安井金比羅宮という神社ですが、SNSでは、「願掛けのときに、うっかり、方針を指定しなかったら、とてつもない勢いで縁切りが実現してしまった」などという発言が見られたりします。ご自身の体調不良が悪化して、縁は切れたが、自分へのダメージも大きかった、みたいなこともあるようで、大変に霊験あらたか…だということになっています。(たとえばこちらなど)
そんなにバッサリと縁切りするようなかたちではなくても…という話もありますし、いちがいに全ての方に、ここへのお参りをお薦めするとか、そういうわけではありません。が、縁というのは、無理してつないでおくものでもないのだろうなあ、と思うことがあります。
先日、とある方の話を聞きながら、思い出したことなのですが、「メンサ」という集団があります。
MENSA(メンサ)とは、1946年にイギリスで創設された、全人口の内上位2%のIQ(知能指数)の持ち主であれば、誰でも入れる国際グループです。 メンサは、世界100ヶ国以上、10万人以上の会員を持つ国際的グループです。 メンサはメンバー同士の知的交流の場を提供します。
ここに参加することが出来た!と喜んでいる方がときどきおられます。いろいろな形で、喜びがあるのでしょう。
マニアックな知性を持ち合わせていると、なかなか話が通じる相手が少ない、というのが実状です。自分が考えている事を受け止めてくれない…なんていう孤独感もけっこう強くなったりします。
メンサ、というのは、一般の社会の中で、そのように「うきこぼれ」て、はみ出した人たちが、安心して会話できる場所を作ろう、という思いが結実したものなのだろうと思います。
そういう孤独感があるからこそ、集まってくる、という形で「縁」ができるわけです。
逆に言うと、近くに居ても、会話が成立しないところには「縁」はできづらいのかも知れません。

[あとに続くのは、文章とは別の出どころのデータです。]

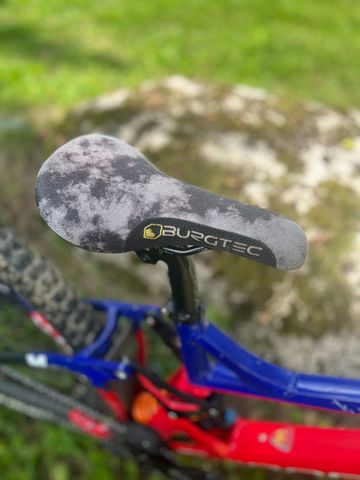 Used Mondraker Summum Pro 2020 2020 Mountainbike, Red — image 7 of 15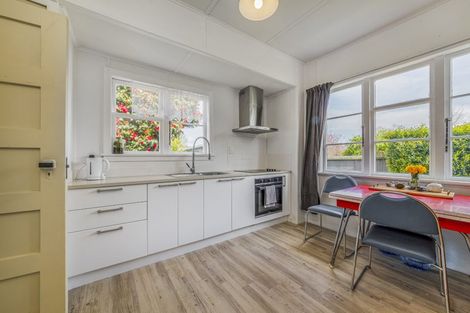 Photo of property in 32 Riley Crescent, Woolston, Christchurch, 8023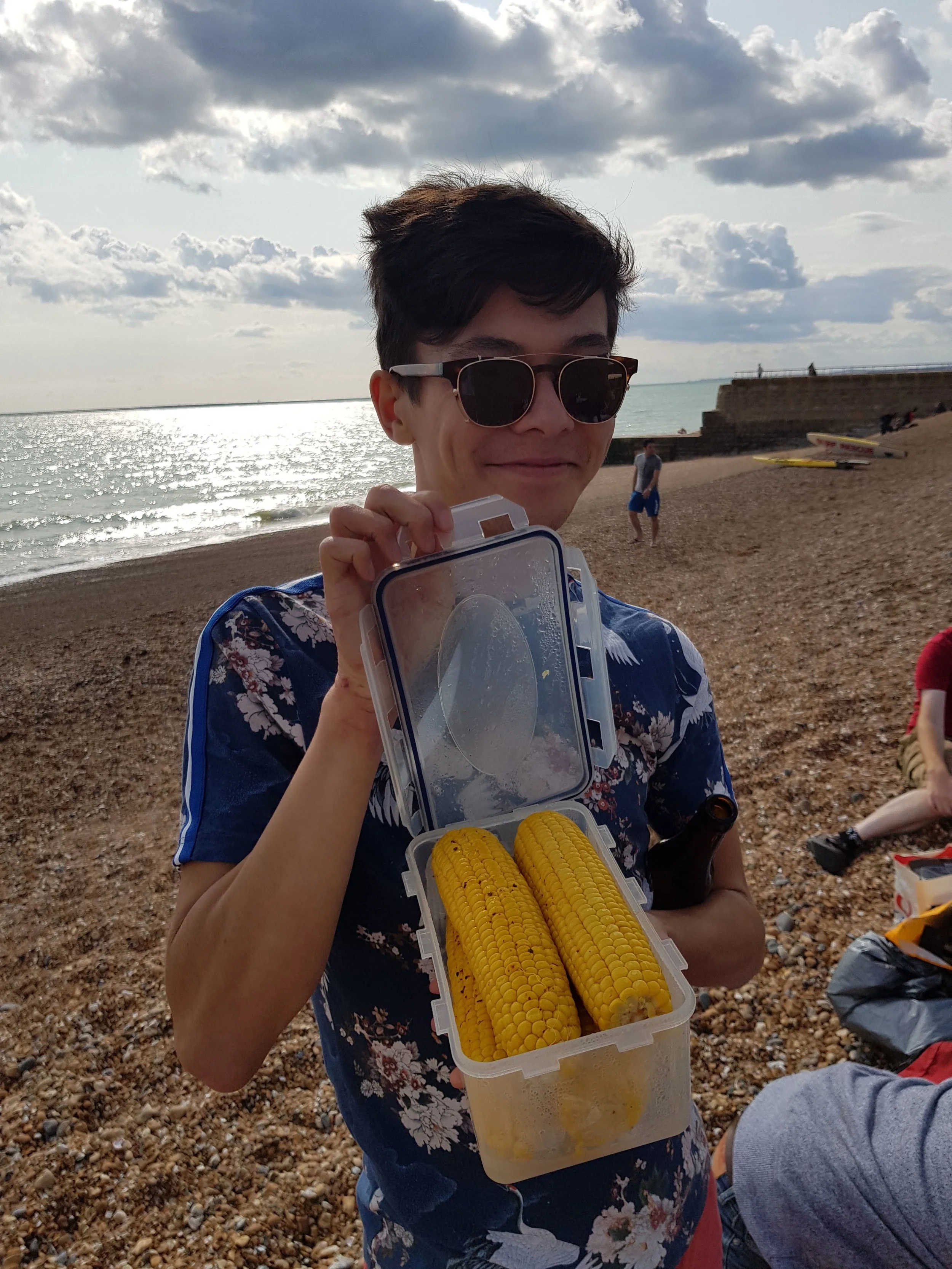 CORN! If you came to the barbecue last year (or read my blog post ) you'll remember that accidentally everyone brought corn. This year, I think we went the other way, and for a while it looked like there would be no corn! Luckily, David saved the day by turning up with corn. Hurray!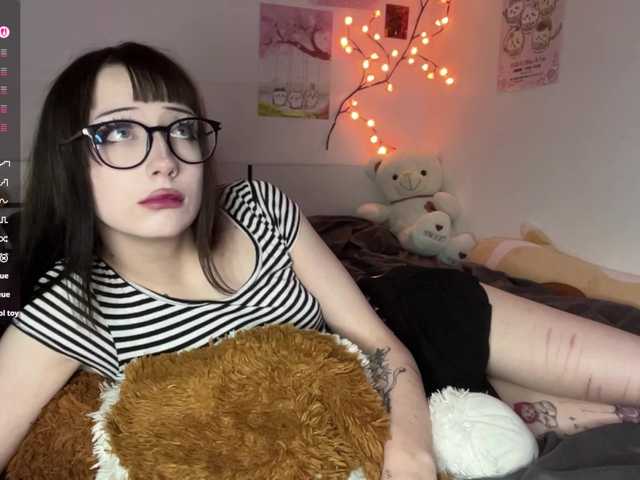 SleepyKris live cam on BongaCams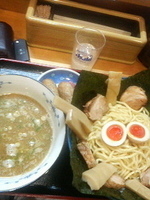 「特製華丸つけめん+いなり」@中華そば 華丸の写真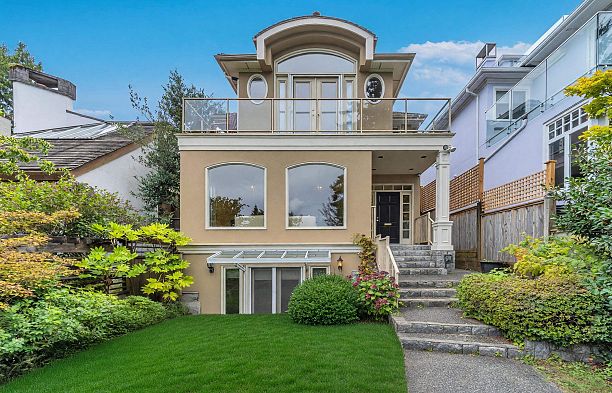 4648 W 2nd Avenue Point Grey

自分自身がどのようなあり方で居たいと思うのか?それをきっちり実現に向けて進んだなら。その理想に一歩でも近づいたなら。
そういうあり方にふさわしい縁がつながるのだろうと思います。
今までの縁を、全部切ってしまう、とかそういうことは必要ありません。
が、自分に望ましい変化があったときには、ひょっとすると、今までの関係性からの卒業が待っているのかも知れません。